# JAX & FLAX

> **Author**: Gustavo L. F. Walbon / **Date**: July 2022.

In this work we will have the inference of resnet18 with Jax engines.

## Objective
_In the fourth project you will have to implement the ResNet-18 model using JAX and Flax libraries for inference only. The FLAX library, discussed in the second lecture, provides primitives to stack multiple kinds of layers in order to form a neural network architecture._

_After you have implemented the model and loaded the weights, it is time to test your code on a few test images. You may use the images provided in [5](https://github.com/MO436-MC934/work). Finally, you job is to obtain the maximum amount of performance improvement from your network using JAX transformations: jit, vmap, pmap, etc. You may use your CPU, GPU or TPU (in Google Collab). In the end, you should write a report (PDF) describing how you implemented your model, which transformations you applied and why. If you could not apply some transformations, discuss the problems you found while trying to use it.

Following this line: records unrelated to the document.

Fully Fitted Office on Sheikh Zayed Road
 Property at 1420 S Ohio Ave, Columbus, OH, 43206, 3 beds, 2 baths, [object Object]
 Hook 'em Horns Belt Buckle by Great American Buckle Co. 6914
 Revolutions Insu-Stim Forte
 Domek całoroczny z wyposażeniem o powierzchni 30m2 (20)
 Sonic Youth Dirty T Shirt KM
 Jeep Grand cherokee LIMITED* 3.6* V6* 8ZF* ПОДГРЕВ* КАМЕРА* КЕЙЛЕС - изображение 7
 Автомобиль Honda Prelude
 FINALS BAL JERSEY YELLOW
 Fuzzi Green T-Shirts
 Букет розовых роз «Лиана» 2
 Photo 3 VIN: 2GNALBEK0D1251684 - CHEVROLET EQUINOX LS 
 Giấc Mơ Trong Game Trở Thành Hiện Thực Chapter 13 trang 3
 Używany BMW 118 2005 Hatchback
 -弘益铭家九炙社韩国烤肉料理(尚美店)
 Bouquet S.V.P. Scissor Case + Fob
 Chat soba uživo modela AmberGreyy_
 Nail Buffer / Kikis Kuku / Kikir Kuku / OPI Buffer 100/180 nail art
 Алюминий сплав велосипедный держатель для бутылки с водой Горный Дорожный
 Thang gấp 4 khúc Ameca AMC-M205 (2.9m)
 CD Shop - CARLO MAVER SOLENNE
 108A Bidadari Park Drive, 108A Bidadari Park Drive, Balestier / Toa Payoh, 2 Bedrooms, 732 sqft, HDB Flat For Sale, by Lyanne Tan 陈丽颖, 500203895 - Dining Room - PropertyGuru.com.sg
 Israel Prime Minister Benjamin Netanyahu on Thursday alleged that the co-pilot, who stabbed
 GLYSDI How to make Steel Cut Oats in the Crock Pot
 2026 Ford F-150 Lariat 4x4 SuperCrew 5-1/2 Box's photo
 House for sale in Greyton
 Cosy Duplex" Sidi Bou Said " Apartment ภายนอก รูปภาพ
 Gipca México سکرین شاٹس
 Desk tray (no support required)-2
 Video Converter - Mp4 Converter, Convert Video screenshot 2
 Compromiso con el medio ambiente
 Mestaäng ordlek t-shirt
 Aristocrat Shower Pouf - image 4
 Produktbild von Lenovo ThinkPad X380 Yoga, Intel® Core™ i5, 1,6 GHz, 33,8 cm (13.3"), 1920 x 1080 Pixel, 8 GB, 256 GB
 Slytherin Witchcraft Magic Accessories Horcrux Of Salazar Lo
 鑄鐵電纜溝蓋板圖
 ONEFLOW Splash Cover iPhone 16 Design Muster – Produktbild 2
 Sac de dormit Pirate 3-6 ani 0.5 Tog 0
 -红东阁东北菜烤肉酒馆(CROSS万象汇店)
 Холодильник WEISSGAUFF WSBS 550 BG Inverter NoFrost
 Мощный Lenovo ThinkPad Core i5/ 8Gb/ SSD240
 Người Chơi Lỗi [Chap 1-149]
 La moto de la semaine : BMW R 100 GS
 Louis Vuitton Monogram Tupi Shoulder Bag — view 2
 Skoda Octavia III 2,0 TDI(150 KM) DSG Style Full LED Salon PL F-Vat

Finally, do a performance analysis showing how fast your model has become compared to the non-transformed model (tables and graphs are welcome)._

_Reference: https://github.com/MO436-MC934/notebooks/wiki/5.JAX-Library_

### Loading Resnet18
Pre-trained network is used to see the weights of kernel and bias of Resnet.

In [1]:
import onnx
from onnx import numpy_helper

model = onnx.load("resnet18.onnx")

for initializer in model.graph.initializer:
    array = numpy_helper.to_array(initializer)
    print(f"- Tensor: {initializer.name!r:45} shape={array.shape}")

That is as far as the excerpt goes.